Speaking to ET in March, Rajeev Misra, CEO of SoftBank Vision Fund, said the power of capital had returned to the capital provider after the euphoria of the past two years.

“…if a company is trying to raise $250 million or $500 million, they have a hard time finding the lead investor who will come in with $100 million to $150 million,” Misra said at the time. According to him, the fund had seen in the private markets some investors back down after verbal commitments on deals.

Since then, the environment has only gotten worse.

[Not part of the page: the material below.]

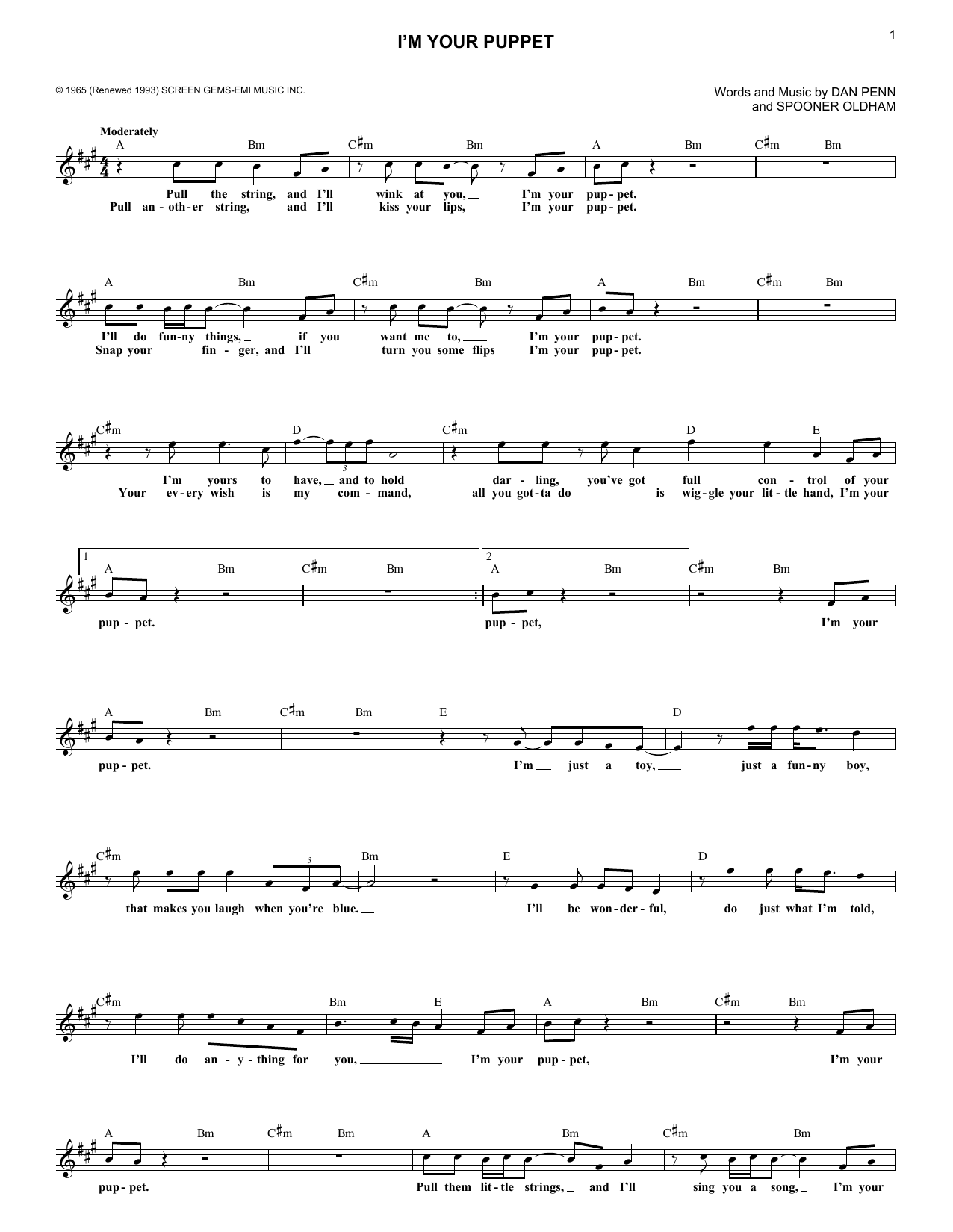 James & Bobby Purify I'm Your Puppet Sheet Music Notes & Chords for Piano, Vocal & Guitar Chords (Right-Hand Melody) - Download or Print PDF
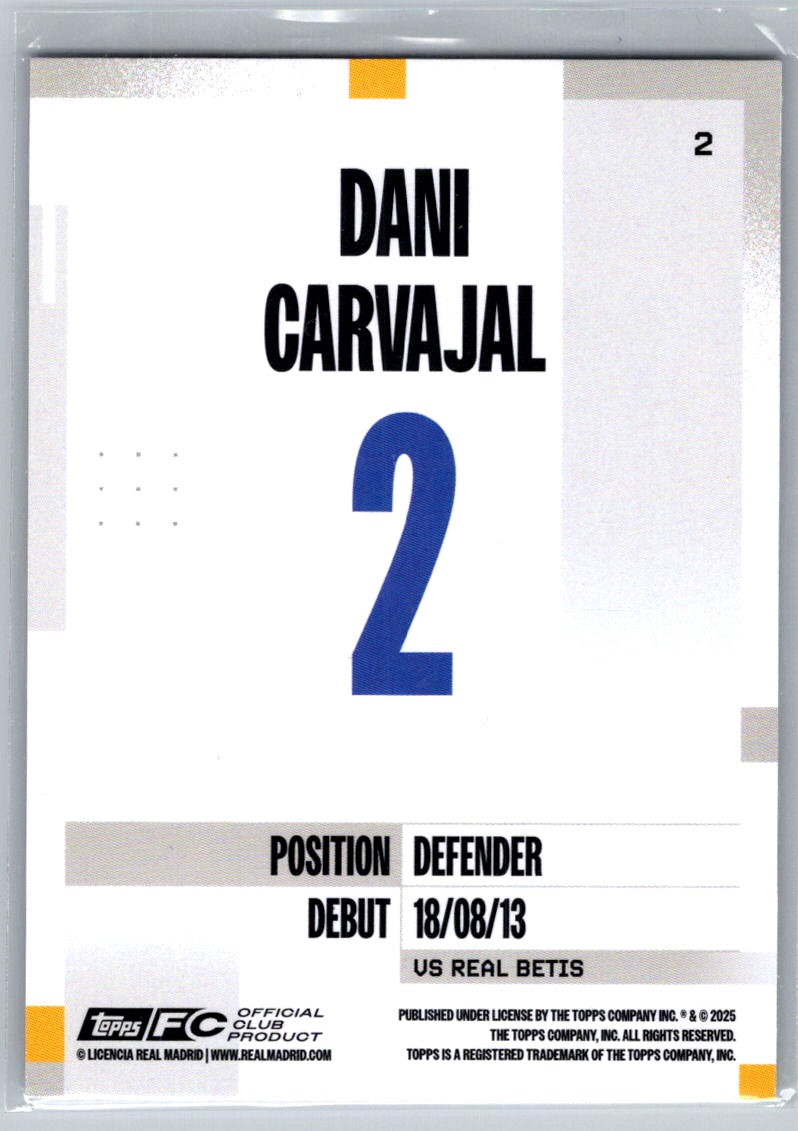 Dani Carvajal (Real Madrid) Pink /99 Topps Real Madrid Team Set 24-25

More time to close deals, mergers and acquisitions

According to an entrepreneur from one of the most popular startups in the country, the liquidity situation in India will become more difficult in the future and added that the situation is relatively more worrying in the United States currently.

“This (Ezetap deal), for example, has been in the works for months and will eventually close, but they (Razorpay) are now doing more thorough due diligence (DD) because there is no rush to close these acquisitions in the current market scenario,” one person briefed on the matter said. He added that unlike last year, companies do not have multiple term sheets for investments or mergers and acquisitions.

E-commerce player Meesho was among companies looking to raise at least $500 million at a valuation of nearly $8 billion, 60% higher than its previous valuation last September. People briefed on his fundraising said a new round was unlikely to close anytime soon.

Seed funding maintains momentum_Chart_ETTECHETtech

So what’s the next step?

The founders have already shifted gears and are focused on conserving cash even though they recently closed a funding round.

“We knew a collapse was coming, but we didn’t know exactly when… The rainy day we talked about has arrived now. Even to people who are lifting towers now, we tell them to consider this your last tower and to think of a plan B,” said Sanjeev Bikhchandani, founder of

and first investor in and Policybazaar, which went public last year, adding that “companies with the right unit economics and those that are well capitalized and grow well will survive this (downturn cycle) but startups that need capital and fail to raise it will struggle.”

He also pointed out that “as long as US inflation remains high, the Fed will raise interest rates and that will impact overall funding.”

Inflation and interest rates in the United States are critical factors for funding Indian startups, as large investment deals are driven by foreign investors with a large pool of capital. Last year, India also saw crossover investors taking bets on late-stage Indian startups. These funds forgo writing aggressive checks. Tiger Global posted losses of $17 billion according to the Financial Times newspaper, while SoftBank chief Masayoshi Son announced earlier this month that it would cut investments significantly this year. These two are among the top unicorn creators in India and the world as well.

“Right now, all companies that were aiming for an IPO within 18-36 months are under maximum pressure to cut costs and make course corrections. For many, the answer is to cut payroll costs Even existing investors are pushing their portfolios on the road to profitability and controlling costs,” said Amarjeet Singh, Partner and Country Head, Emerging Giants and Startups, KPMG in India.